Reproduce the whole listing word for word. Leave every image out.

-- DATA BELOW --
>>>>

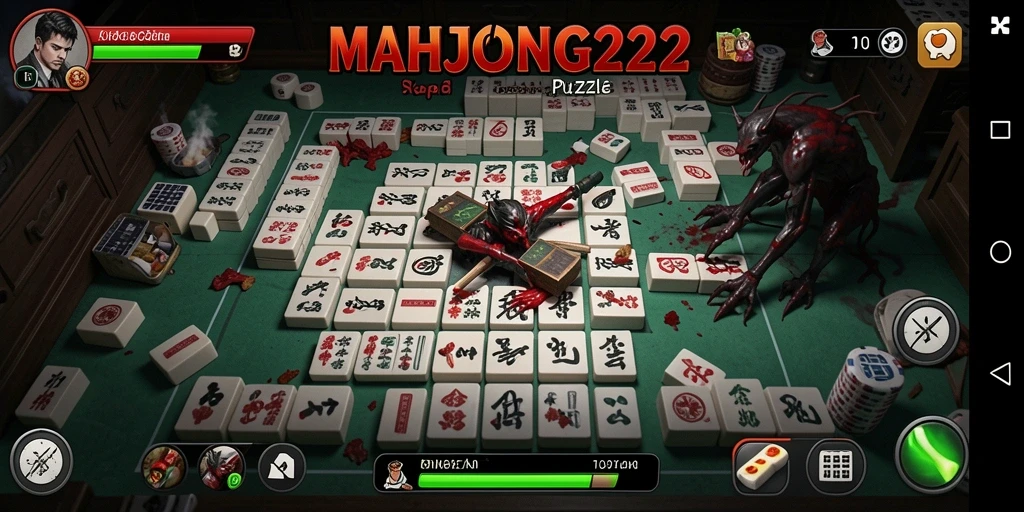 Screenshot menunjukkan gameplay menakutkan di MAHJONG222.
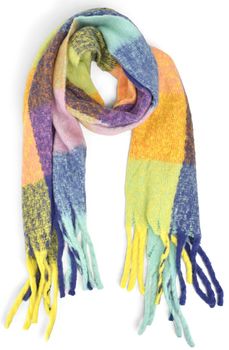 styleBREAKER Damen Webschal mit Karomuster | Kuscheliger Winterschal mit langen Fransen | Weiches Schultertuch 50 x 190 cm | Oversize Stola warm & pflegeleicht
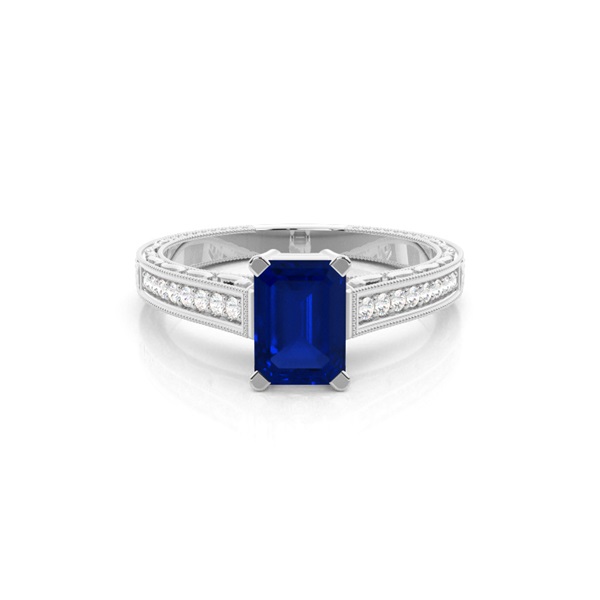 White Gold Emerald Vintage Blue Sapphire Engagement Ring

<<<<

-- RESPONSE BELOW --
 Screenshot menunjukkan gameplay menakutkan di MAHJONG222.
 styleBREAKER Damen Webschal mit Karomuster | Kuscheliger Winterschal mit langen Fransen | Weiches Schultertuch 50 x 190 cm | Oversize Stola warm & pflegeleicht
 White Gold Emerald Vintage Blue Sapphire Engagement Ring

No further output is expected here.